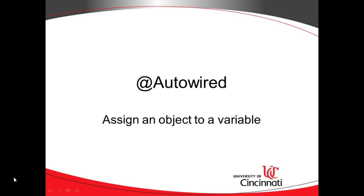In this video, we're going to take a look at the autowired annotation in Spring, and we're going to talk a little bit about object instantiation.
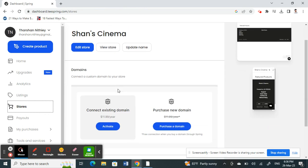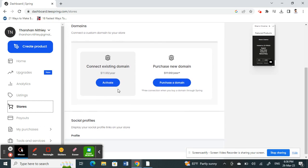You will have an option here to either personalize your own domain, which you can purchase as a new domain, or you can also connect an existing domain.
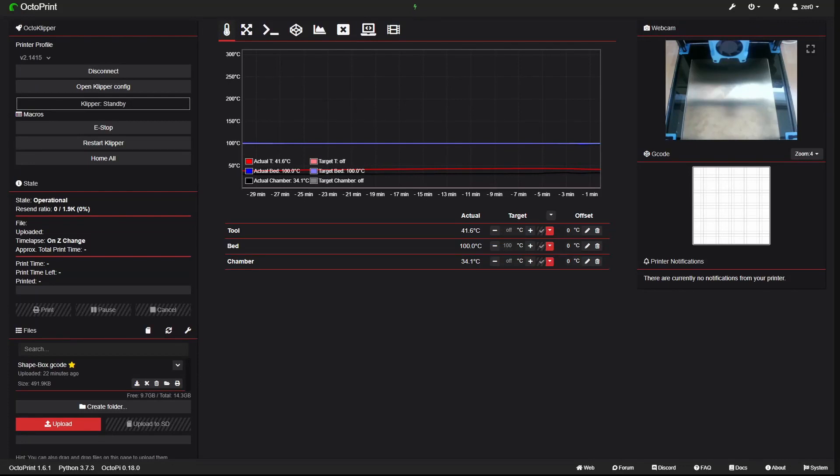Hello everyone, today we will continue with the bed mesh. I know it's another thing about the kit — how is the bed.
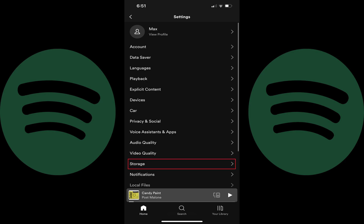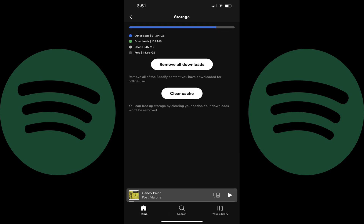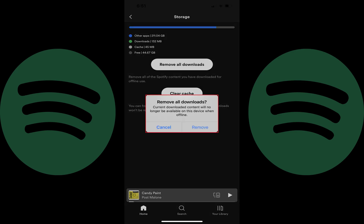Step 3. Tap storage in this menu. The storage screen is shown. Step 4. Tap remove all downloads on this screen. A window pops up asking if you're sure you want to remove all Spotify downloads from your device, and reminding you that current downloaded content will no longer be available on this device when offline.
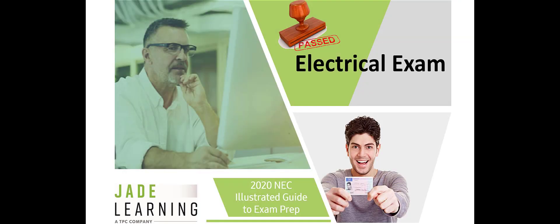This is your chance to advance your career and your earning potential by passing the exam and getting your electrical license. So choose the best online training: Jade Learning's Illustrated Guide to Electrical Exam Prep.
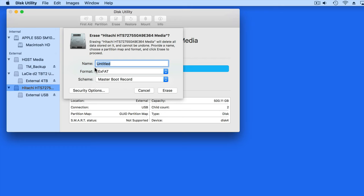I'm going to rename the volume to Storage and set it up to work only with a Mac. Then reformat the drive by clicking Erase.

+ + +

AIM OF THE EXERCISE:
Reproduce the material word for word. Skip every picture it holds.

ANSWER SPACE:
In this video, we're going to take a look at the autowired annotation in Spring, and we're going to talk a little bit about object instantiation.
You will have an option here to either personalize your own domain, which you can purchase as a new domain, or you can also connect an existing domain.
Hello everyone, today we will continue with the bed mesh. I know it's another thing about the kit — how is the bed.
Step 3. Tap storage in this menu. The storage screen is shown. Step 4. Tap remove all downloads on this screen. A window pops up asking if you're sure you want to remove all Spotify downloads from your device, and reminding you that current downloaded content will no longer be available on this device when offline.
This is your chance to advance your career and your earning potential by passing the exam and getting your electrical license. So choose the best online training: Jade Learning's Illustrated Guide to Electrical Exam Prep.
I'm going to rename the volume to Storage and set it up to work only with a Mac. Then reformat the drive by clicking Erase.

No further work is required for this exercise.